* [Dataset]
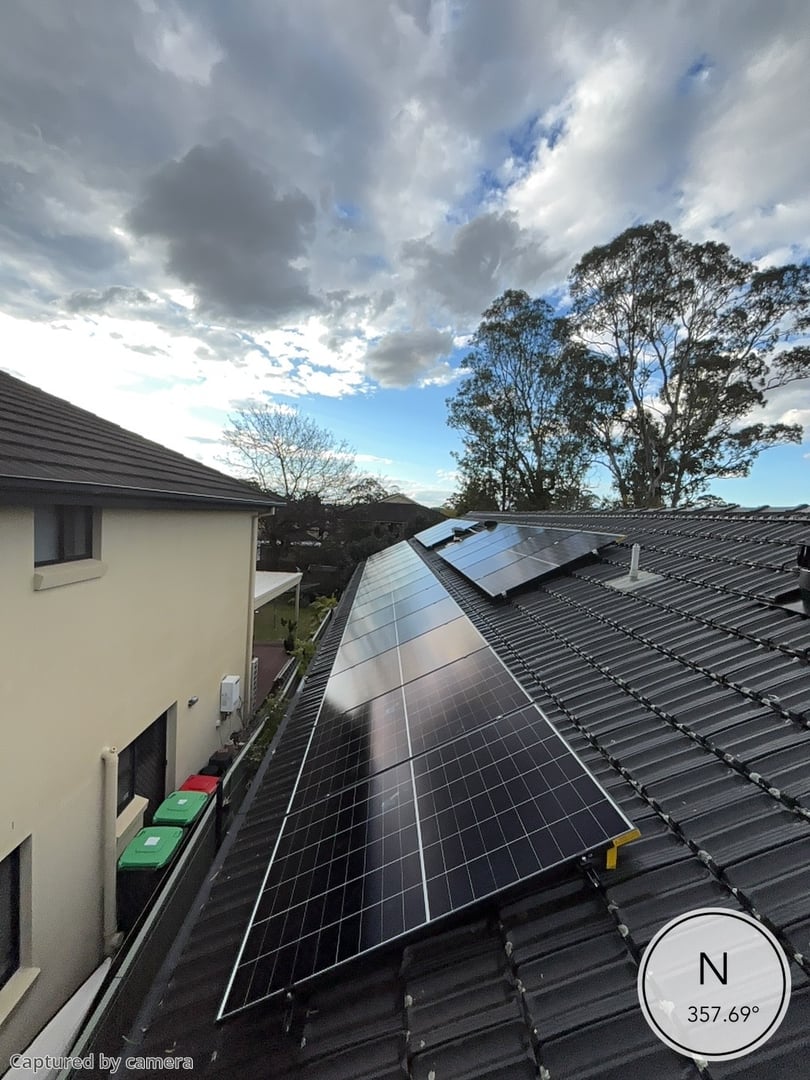 Solar Panels 1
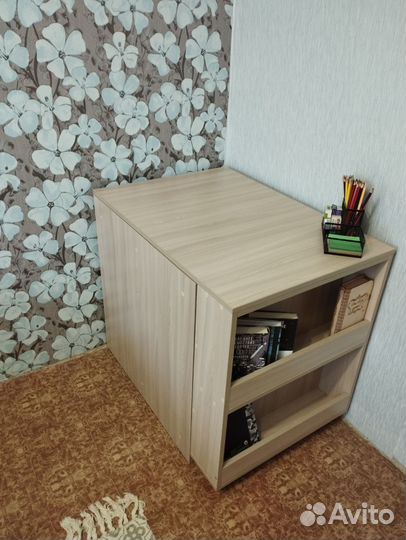 Письменный стол для школьника бу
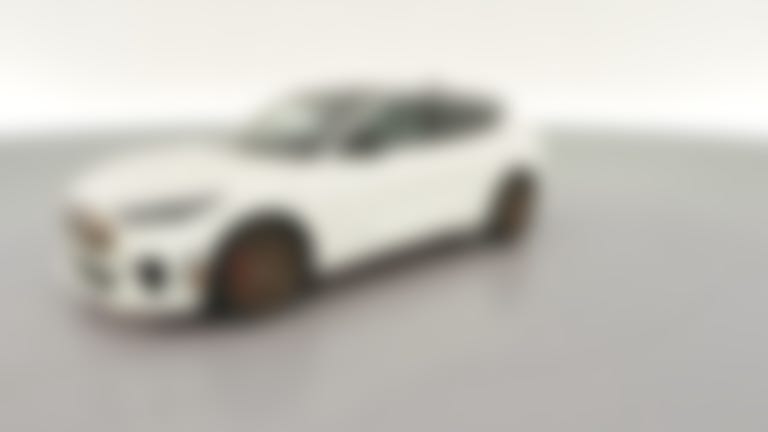 2025 Ford Mustang MACH-E vehicle photo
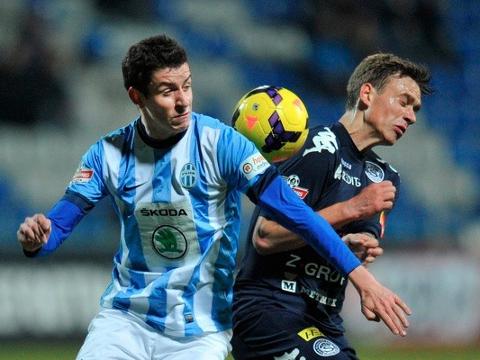 Foto: 1.FC Slovácko
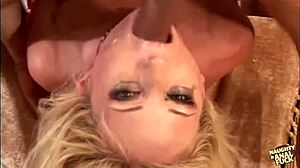 Hillary Scott, Stuff That Huge Dick In Your Asshole And Mouth!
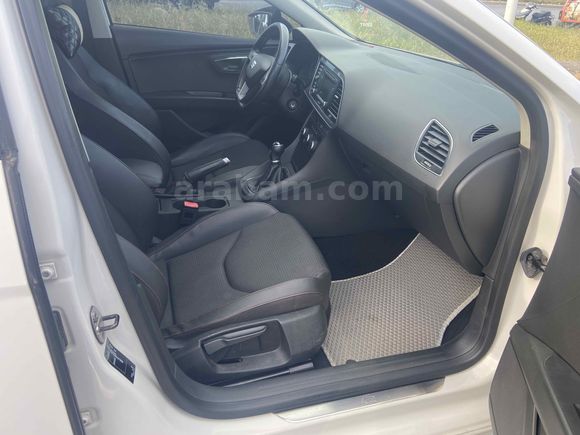 Sahibinden Seat Leon 1.4 TSI FR 2013 Model 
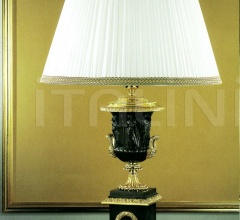 Итальянские Настольные светильники - Настольный светильник MER 150 Итальянские Настольные светильники - Настольный светильник MER 150 фабрика L'Originale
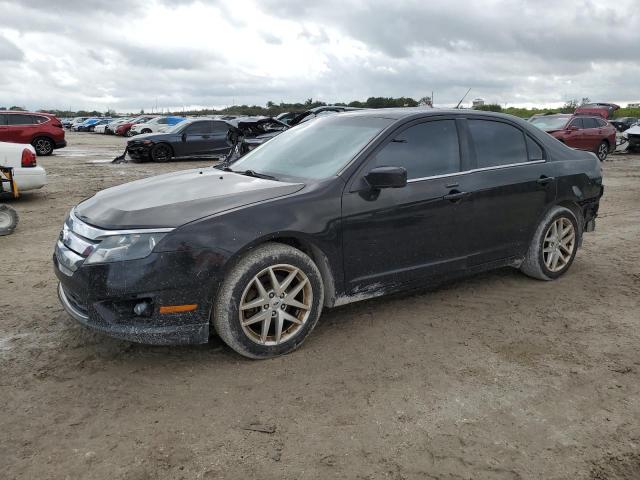 Изображение 2012 FORD FUSION SEL 2012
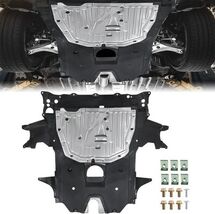 COOL STAR 74110-TBA-A00 Lower Engine Splash Shield Guard Compatible with... - $284.11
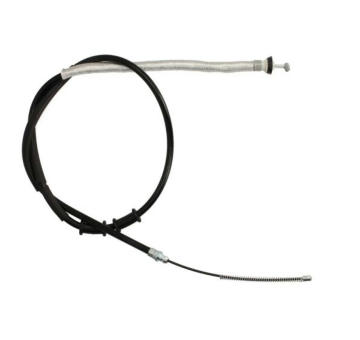 Tažné lanko, parkovací brzda ABE C7F018ABE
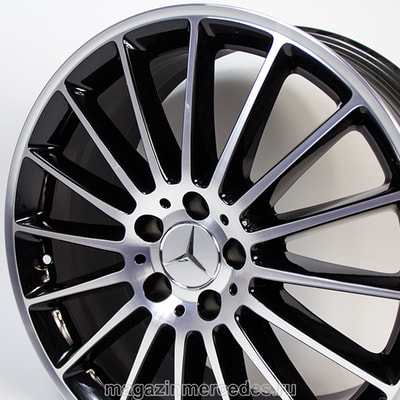   Mercedes V447 R19 (,  4)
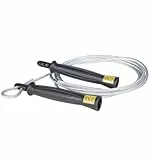 BenLee Stahl Springseil Super Jump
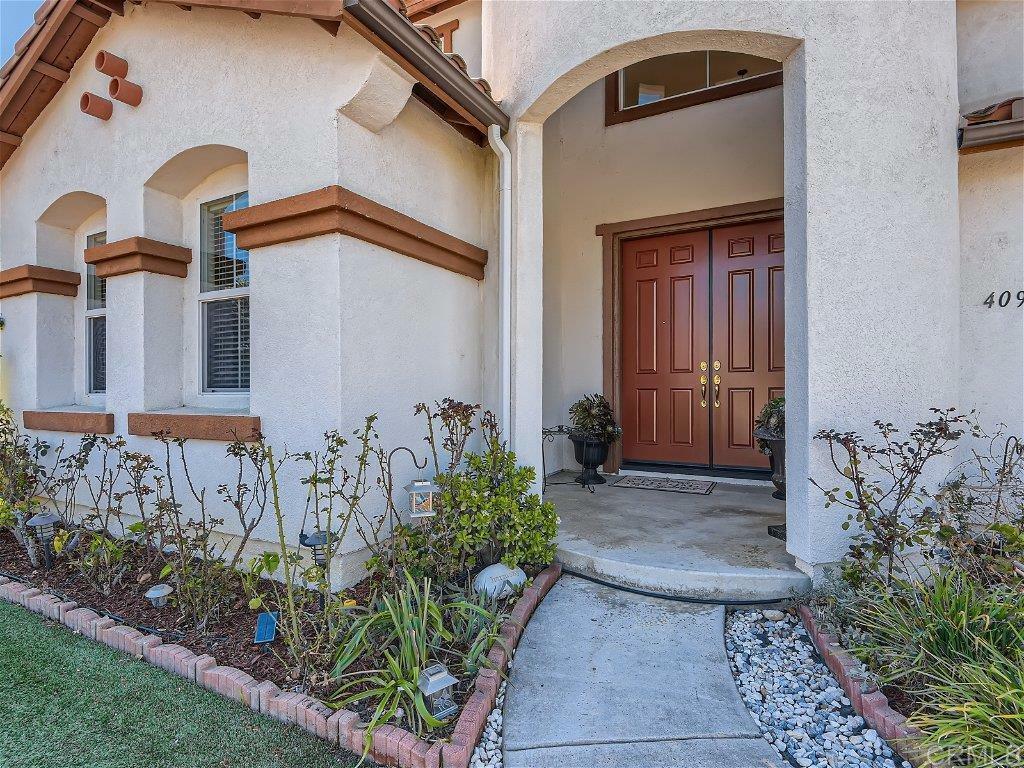 Property Photo:  40959 Julo Way  CA 92591 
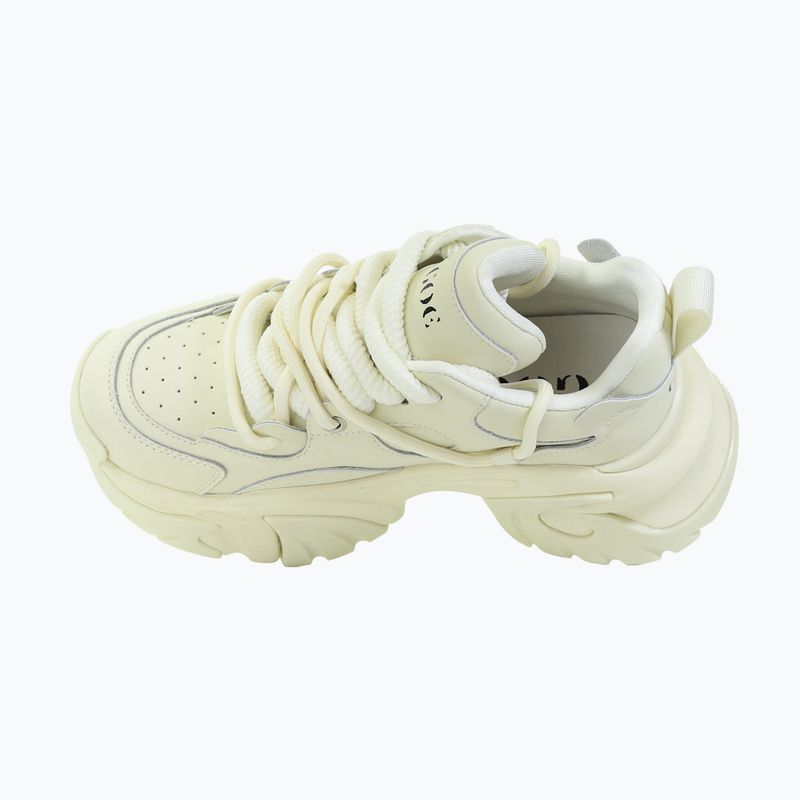 Women's shoes GOE SS2N4007 off white 16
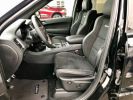 Dodge Durango V8 6,4L 392 HEMI 481 Ch avec système MDS  NOIR Vendu - 8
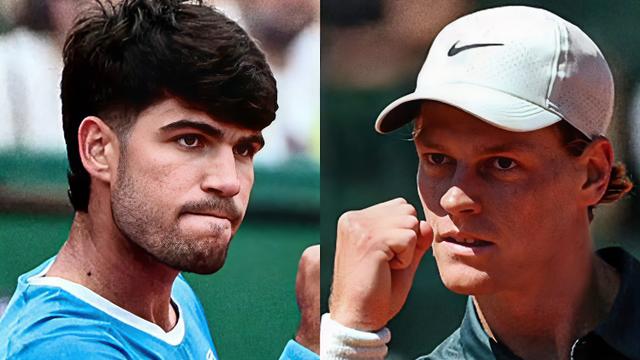 坏脾气的虎子：阿卡浪没了冠军！！ 6-7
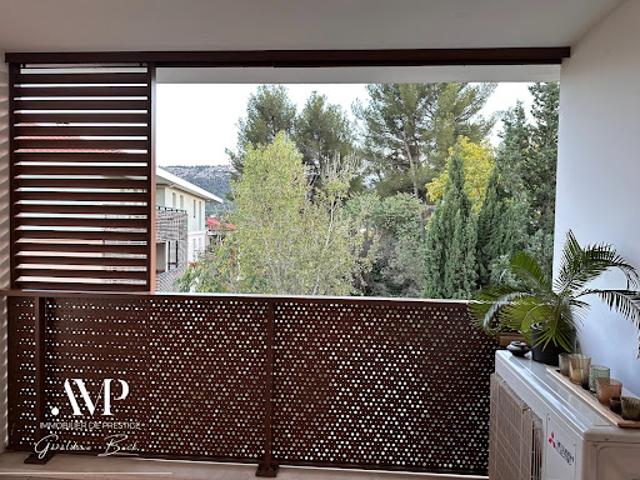 Vente Appartement 3 pièces 55 m2 Marseille 11ème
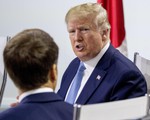 Ông Trump: 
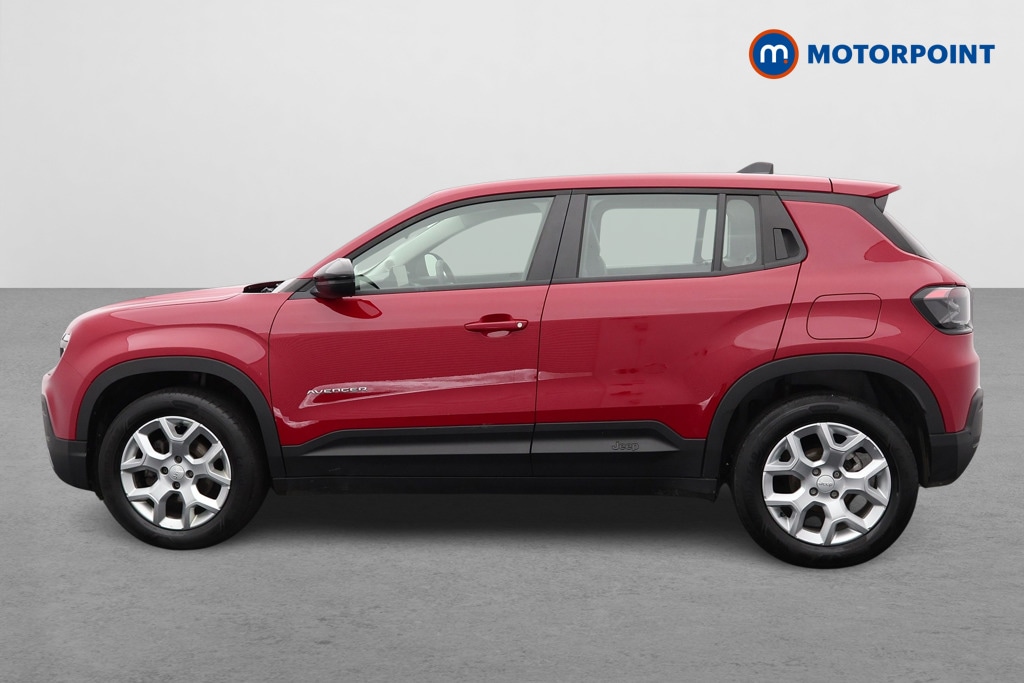 Used Jeep Other 2024 for sale - 76312903: Photo 4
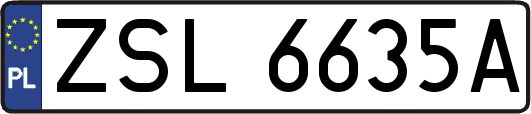 ZSL6635A
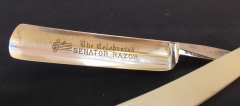 Haig senator mercatino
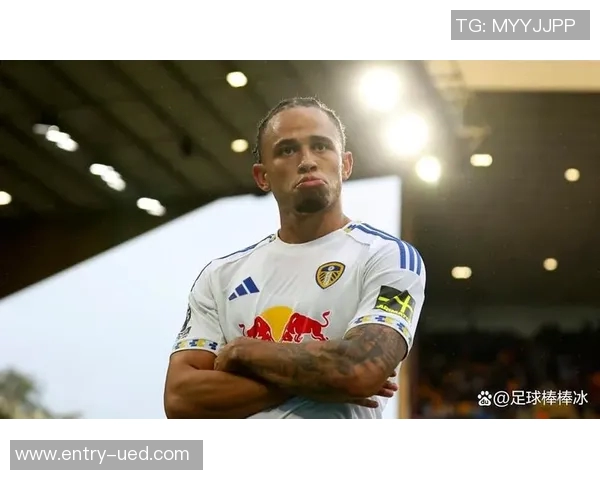 奥卡福本赛季表现出色利兹联6场打入2球超越米兰上赛季数据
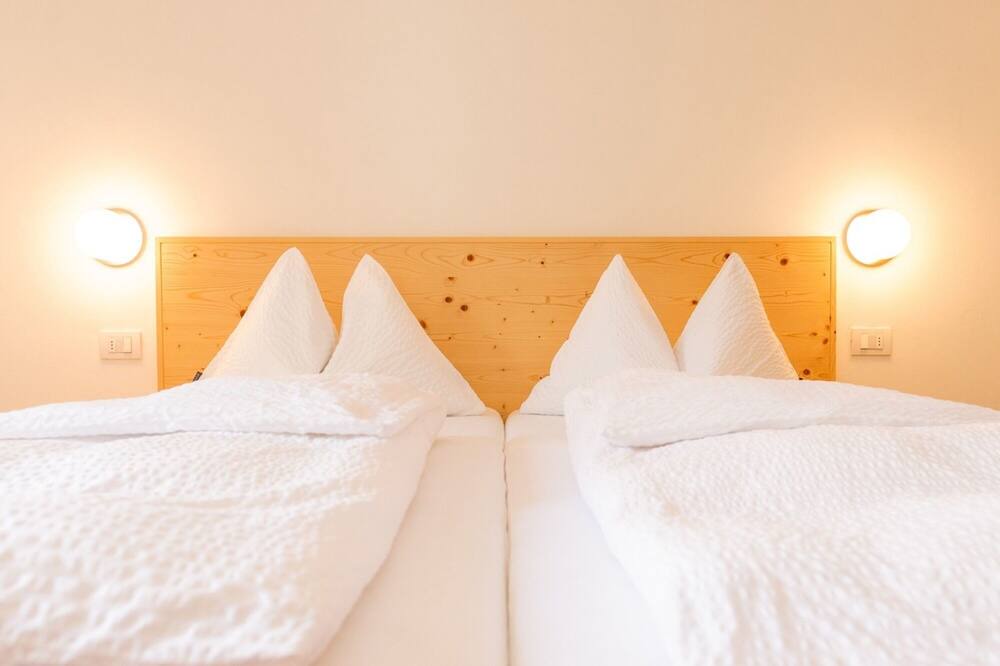Photo of Bedroom in Ronzo-Chienis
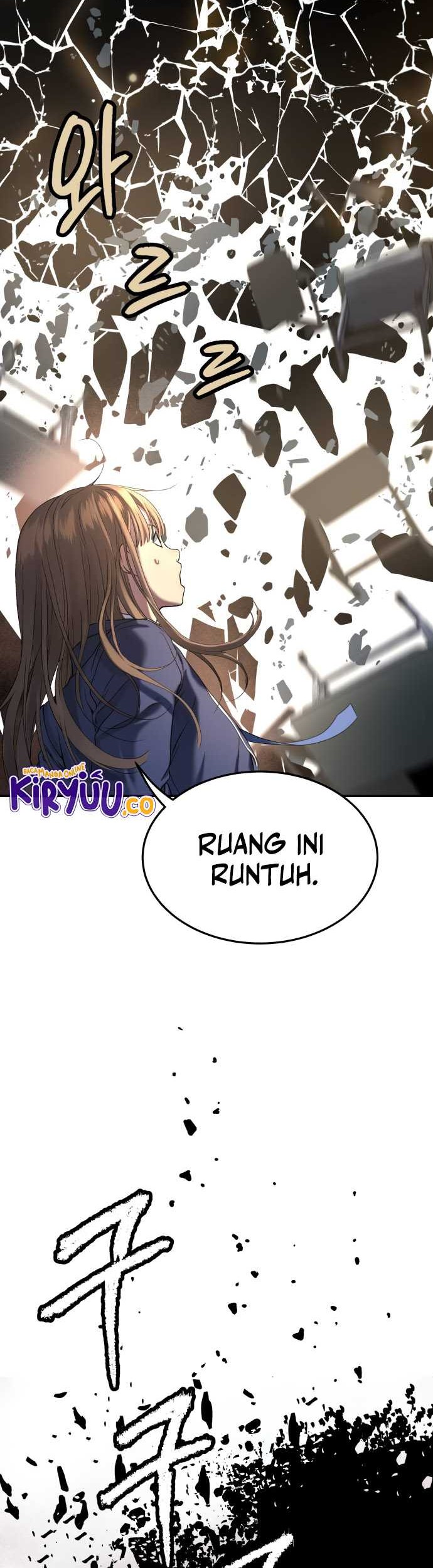 Oh! Dangun Chapter 41 Gambar 24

* [Task statement] Make an exact copy of the data, leaving its pictures out.

* [Answer to this task]
 Solar Panels 1
 Письменный стол для школьника бу
 2025 Ford Mustang MACH-E vehicle photo
 Foto: 1.FC Slovácko
 Hillary Scott, Stuff That Huge Dick In Your Asshole And Mouth!
 Sahibinden Seat Leon 1.4 TSI FR 2013 Model 
 Итальянские Настольные светильники - Настольный светильник MER 150 Итальянские Настольные светильники - Настольный светильник MER 150 фабрика L'Originale
 Изображение 2012 FORD FUSION SEL 2012
 COOL STAR 74110-TBA-A00 Lower Engine Splash Shield Guard Compatible with... - $284.11
 Tažné lanko, parkovací brzda ABE C7F018ABE
   Mercedes V447 R19 (,  4)
 BenLee Stahl Springseil Super Jump
 Property Photo:  40959 Julo Way  CA 92591 
 Women's shoes GOE SS2N4007 off white 16
 Dodge Durango V8 6,4L 392 HEMI 481 Ch avec système MDS  NOIR Vendu - 8
 坏脾气的虎子：阿卡浪没了冠军！！ 6-7
 Vente Appartement 3 pièces 55 m2 Marseille 11ème
 Ông Trump: 
 Used Jeep Other 2024 for sale - 76312903: Photo 4
 ZSL6635A
 Haig senator mercatino
 奥卡福本赛季表现出色利兹联6场打入2球超越米兰上赛季数据
Photo of Bedroom in Ronzo-Chienis
 Oh! Dangun Chapter 41 Gambar 24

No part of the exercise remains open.